Por Alexandre Linck - Quadrinhos na Sargeta

Caros e caras, soube há poucas horas que morreu neste sábado, 11 de janeiro de 2014, o poeta, professor e teórico dos quadrinhos, Moacy Cirne. Gostaria de compartilhar algumas palavras um tanto apressadas, mas sinceras sobre as histórias em quadrinhos do e no Brasil e a importância da teoria dos quadrinhos. 

Primeiramente vi a notícia com certa ironia. Neste mês aqui no Quadrinhos na Sarjeta estamos nos dedicando somente à leituras de quadrinhos brasileiros. O mês foi escolhido em função do dia do quadrinho nacional, 30 de janeiro, data da publicação por Angelo Agostini de As Aventuras de Nhô Quim ou Impressões de Uma Viagem à Corte, em 1869. 
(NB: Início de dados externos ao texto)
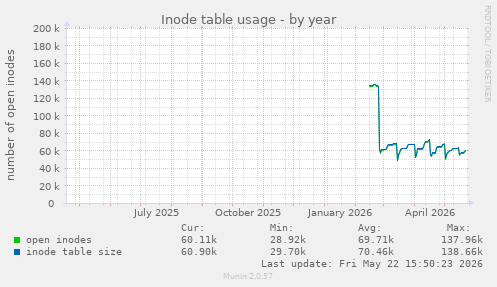 Inode table usage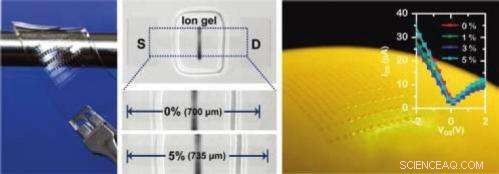 Stretchable Graphene Transistors Surpass Conventional Materials in Flexibility and Performance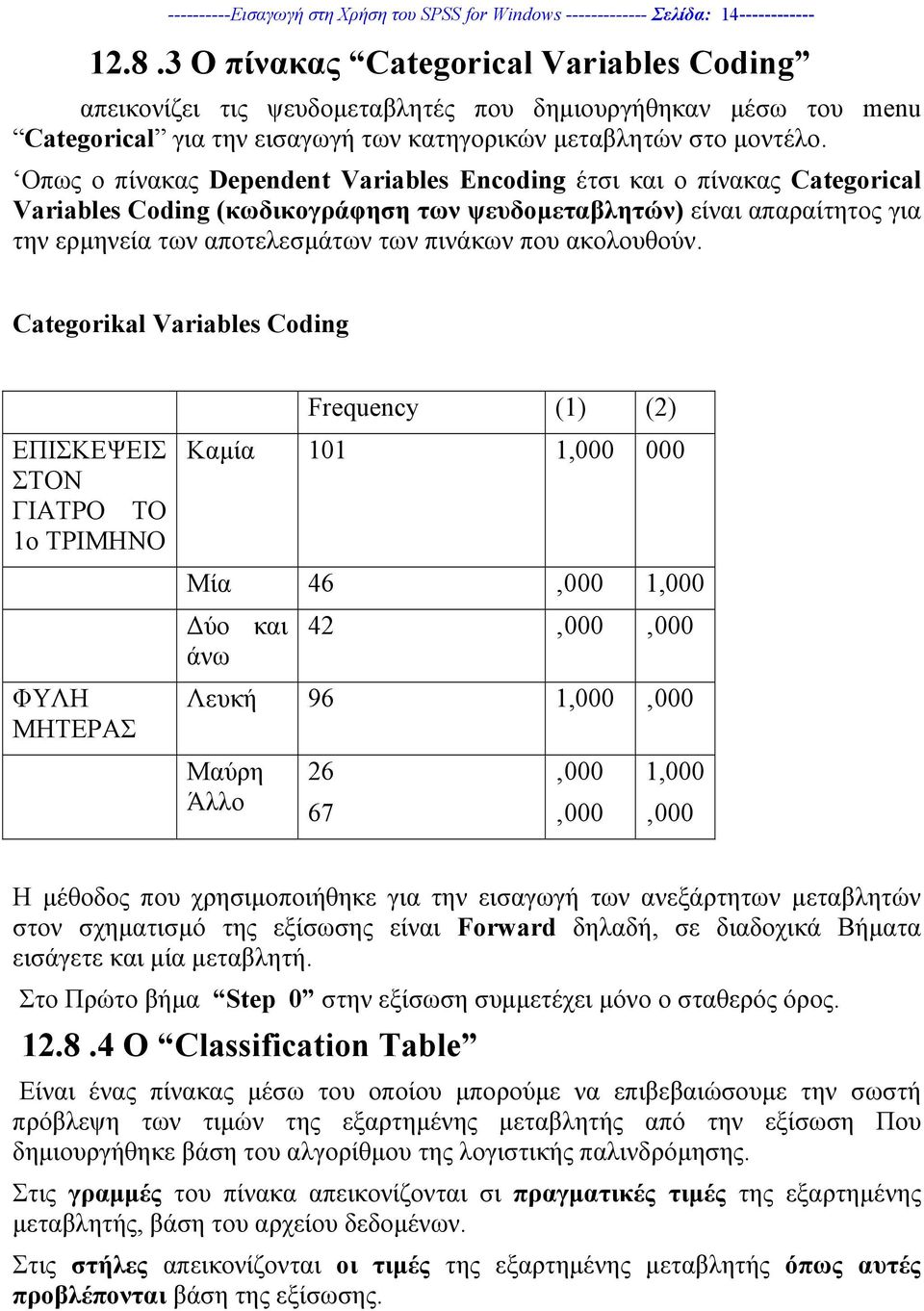 Οπως ο πίνακας Dependent Variables Encoding έτσι και ο πίνακας Categorical Variables Coding (κωδικογράφηση των ψευδοµεταβλητών) είναι απαραίτητος για την ερµηνεία των αποτελεσµάτων των πινάκων που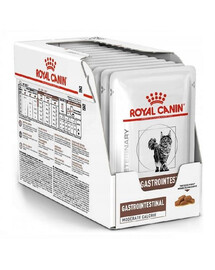 ROYAL CANIN Cat Gastro Intestinal Moderate Calorie kapsičky pre mačky s gastrointestinálnymi problémami 12x 85 g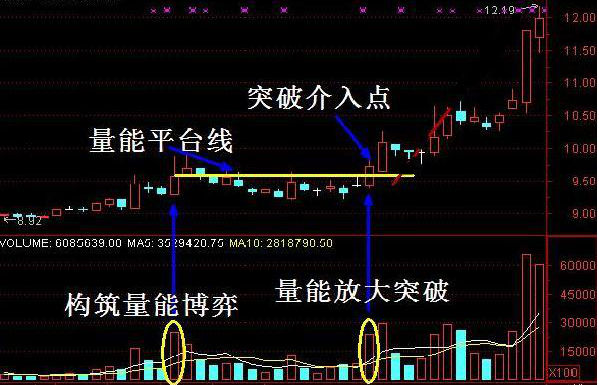 股票分析师骗局_股票骗局老师讲课_骗局股票师分析论文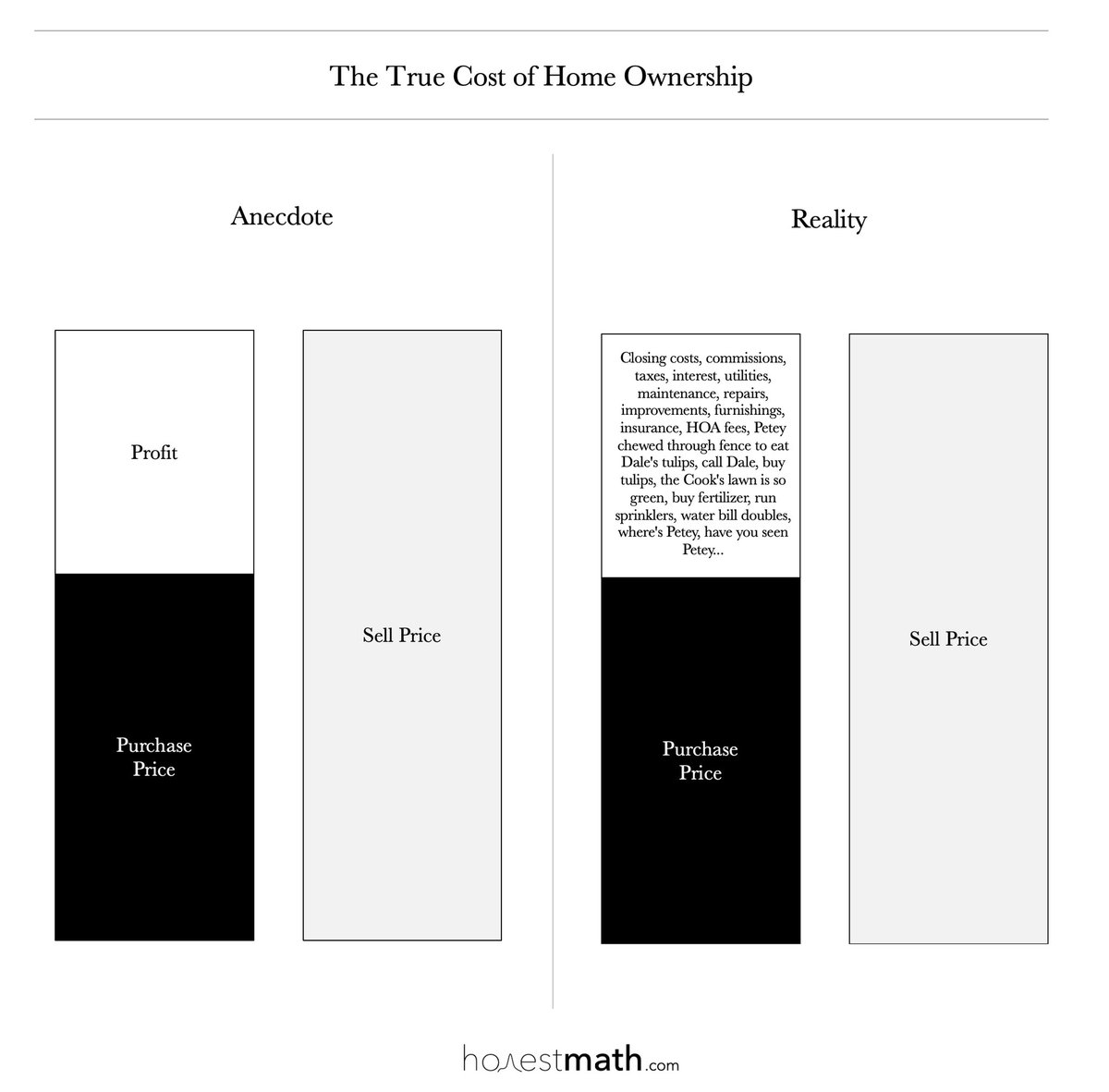 HonestMath.com (@honest_math) on Twitter photo <a href="/TKopelman/">Thomas Kopelman 💵</a> The cost of owning a home is deceptively expensive. Anecdote math rarely holds. <a href="/TKopelman/">Thomas Kopelman 💵</a> The cost of owning a home is deceptively expensive. Anecdote math rarely holds.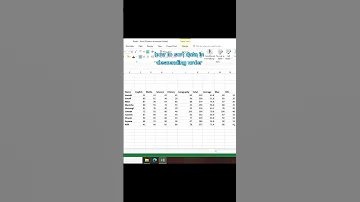 How To Sort Data In Descending Order In Excel Exceltips Excel Exceltutorial Exceltricks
Não faço isso por qualquer obrigação cívica ou tolices patrioteiras. Dedico-me a ler os quadrinhos brasileiros porque acho que eles são carentes nessa área. Não falo de vendagens! Apesar disto também ser um problema, minha ênfase se dá no fato de que os quadrinhos, em especial o brasileiro, são muito mal lidos. Até mesmo Turma da Mônica, comercialmente bem-sucedida, quando debatida pelos festivais, fóruns ou redes sociais, quase exclusivamente se fala sobre como é vendida pelo mundo, como faz sucesso, como gera grana, etc. Cultura, arte, poesia… isso pouco se fala. E ler é mais do que consumir.   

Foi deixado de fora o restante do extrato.